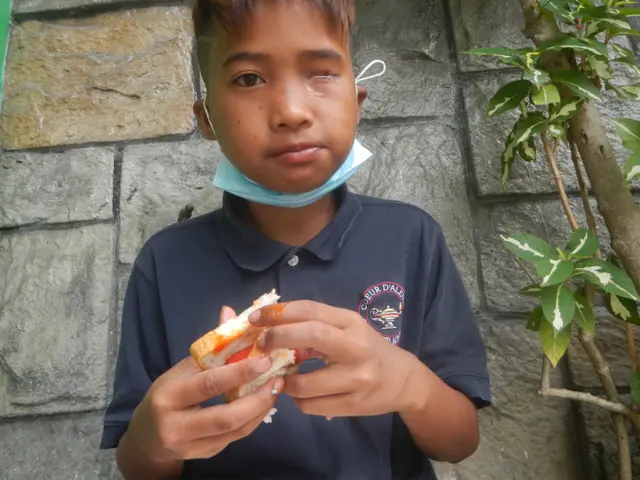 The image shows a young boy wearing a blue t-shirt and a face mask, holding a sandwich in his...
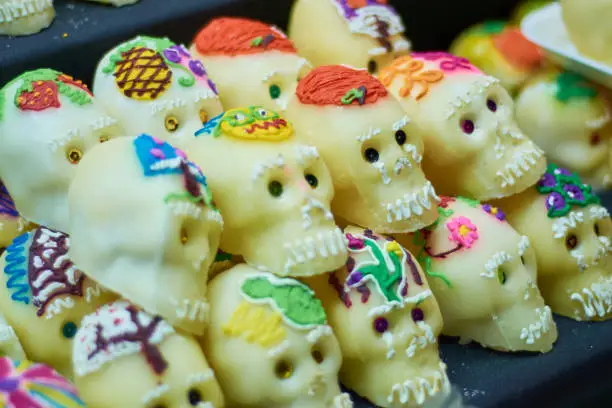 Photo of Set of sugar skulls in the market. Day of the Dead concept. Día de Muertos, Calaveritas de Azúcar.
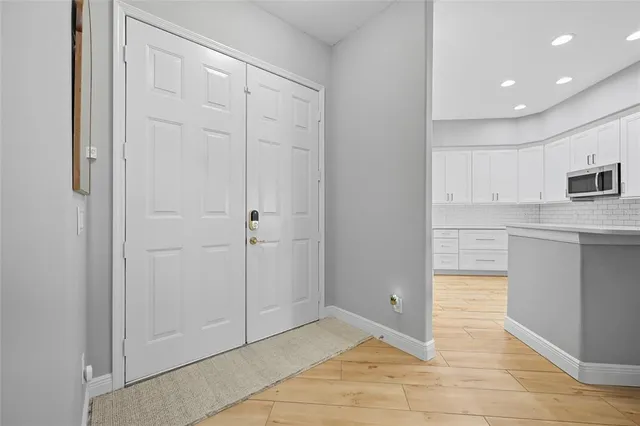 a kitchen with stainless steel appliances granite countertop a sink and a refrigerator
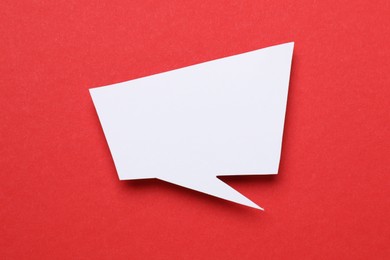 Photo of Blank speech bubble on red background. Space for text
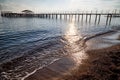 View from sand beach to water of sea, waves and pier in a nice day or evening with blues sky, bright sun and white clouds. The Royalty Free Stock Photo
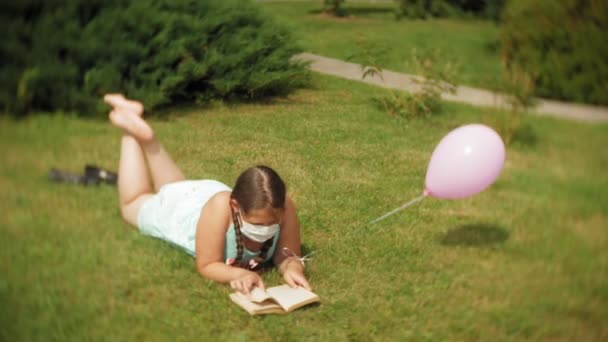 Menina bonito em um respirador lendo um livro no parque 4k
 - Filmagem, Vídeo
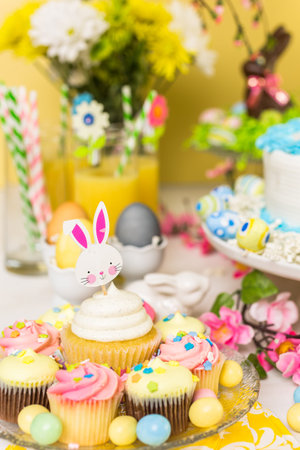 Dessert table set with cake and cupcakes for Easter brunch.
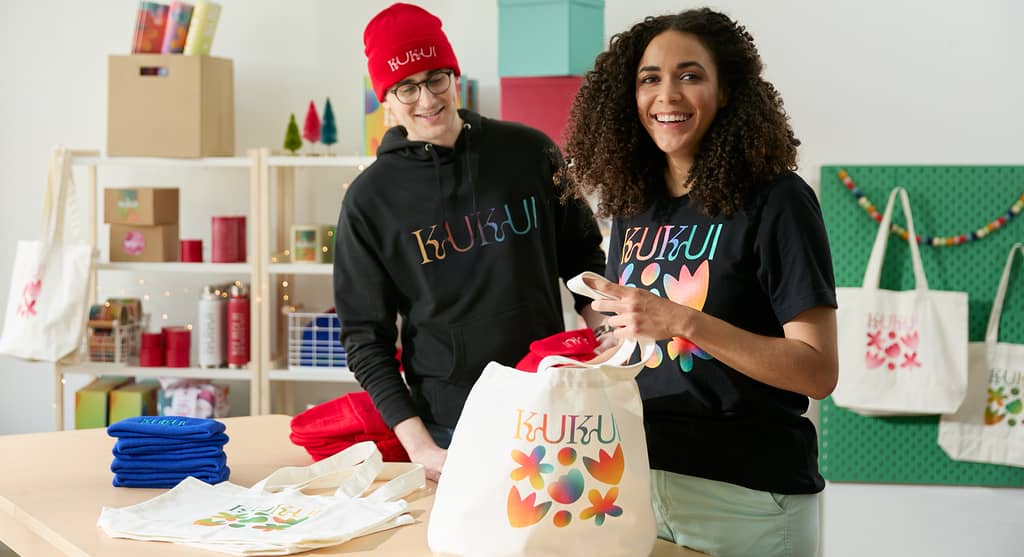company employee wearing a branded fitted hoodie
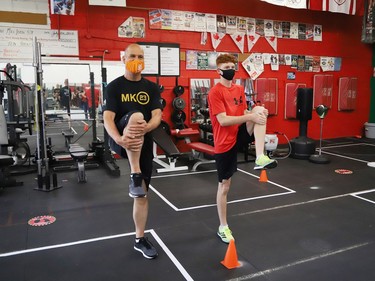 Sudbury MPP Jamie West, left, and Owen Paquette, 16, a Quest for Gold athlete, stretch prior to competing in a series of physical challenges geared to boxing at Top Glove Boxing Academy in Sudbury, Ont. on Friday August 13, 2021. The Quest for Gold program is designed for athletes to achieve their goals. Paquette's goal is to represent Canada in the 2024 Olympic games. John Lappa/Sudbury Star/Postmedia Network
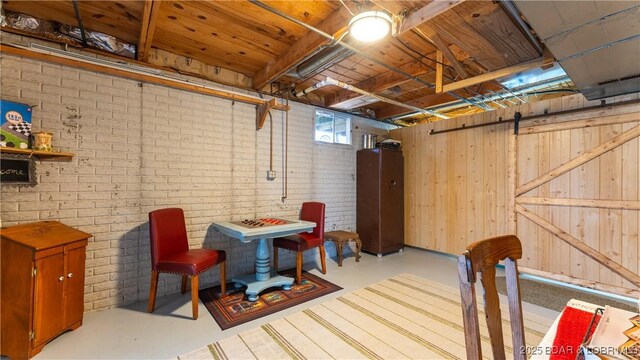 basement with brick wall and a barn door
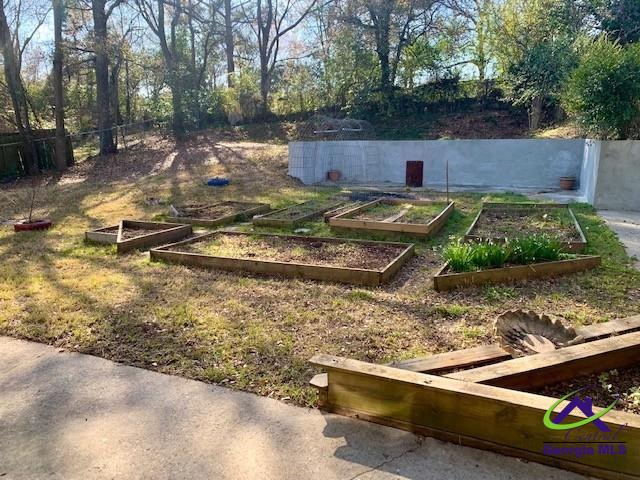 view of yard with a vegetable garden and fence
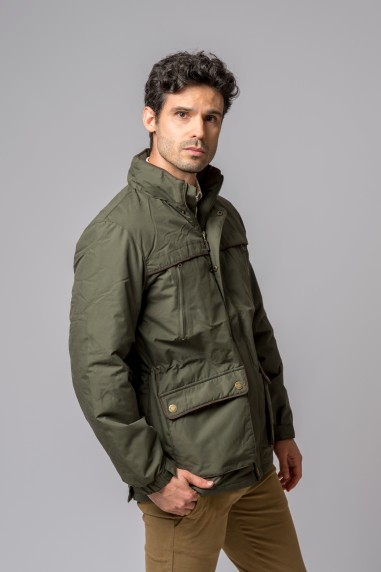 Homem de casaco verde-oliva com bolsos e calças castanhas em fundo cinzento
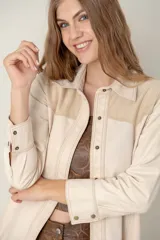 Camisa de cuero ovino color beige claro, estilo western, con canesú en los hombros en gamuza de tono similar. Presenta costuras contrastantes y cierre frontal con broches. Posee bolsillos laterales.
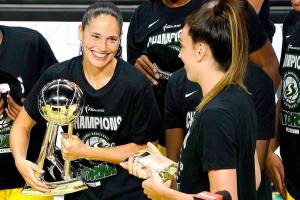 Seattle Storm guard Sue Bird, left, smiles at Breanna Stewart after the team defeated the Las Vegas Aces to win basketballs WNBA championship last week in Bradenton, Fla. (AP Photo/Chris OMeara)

◆ Work instructions
Give again, word for word, only the lines that run from the top of the data above through the line with "Sudbury MPP Jamie". Drop the pictures.

◆ Solution
 The image shows a young boy wearing a blue t-shirt and a face mask, holding a sandwich in his...
 Photo of Set of sugar skulls in the market. Day of the Dead concept. Día de Muertos, Calaveritas de Azúcar.
 a kitchen with stainless steel appliances granite countertop a sink and a refrigerator
 Photo of Blank speech bubble on red background. Space for text
 View from sand beach to water of sea, waves and pier in a nice day or evening with blues sky, bright sun and white clouds. The Royalty Free Stock Photo
 Menina bonito em um respirador lendo um livro no parque 4k
 - Filmagem, Vídeo
 Dessert table set with cake and cupcakes for Easter brunch.
company employee wearing a branded fitted hoodie
 Sudbury MPP Jamie West, left, and Owen Paquette, 16, a Quest for Gold athlete, stretch prior to competing in a series of physical challenges geared to boxing at Top Glove Boxing Academy in Sudbury, Ont. on Friday August 13, 2021. The Quest for Gold program is designed for athletes to achieve their goals. Paquette's goal is to represent Canada in the 2024 Olympic games. John Lappa/Sudbury Star/Postmedia Network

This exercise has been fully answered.